Transceiver 902 can include PHY circuitry 914 and media access
control (MAC) circuitry 916. PHY circuitry 914 can include encoding
and decoding circuitry (not shown) to encode and decode data
packets. MAC circuitry 916 can be configured to assemble data to be
transmitted into packets, that include destination and source
addresses along with network control information and error
detection hash values. Processors 904 can be any processor, core,
graphics processing unit (GPU), or other programmable hardware
device that allow programming of network interface 900. For
example, processors 904 can execute faster path packet processing
system 918 that can validate whether a packet is to use a faster
path based on properties of the packet. Memory 910 can be any type
of volatile or non-volatile memory device and can store any queue
or instructions used to program network interface 900 as well as a
look-up-table indicating a context for a packet permitted to be
transmitted using a faster path.
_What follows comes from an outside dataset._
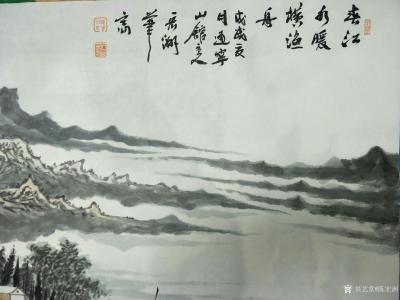陈宏洲日记-国画山水画新作四尺横幅《春江水暖横渔舟》，68*138cm，请欣赏【图5】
Transmit queue 906 can include
data or references to data for transmission by network interface.
Receive queue 908 can include data or references to data that was
received by network interface from a network. Descriptor queues 920
can include descriptors that reference data or packets in transmit
queue 906 or receive queue 908. Bus interface 912 can provide an
interface with host device (not depicted). For example, bus
interface 912 can be compatible with PCI, PCI Express, PCI-x,
Serial ATA, and/or USB compatible interface (although other
interconnection standards may be used). Direct memory access (DMA)
engine 922 can copy a packet header, packet payload, and/or
descriptor directly from host memory to the network interface or
vice versa, instead of copying the packet to an intermediate buffer
at the host and then using another copy operation from the
intermediate buffer to the destination buffer.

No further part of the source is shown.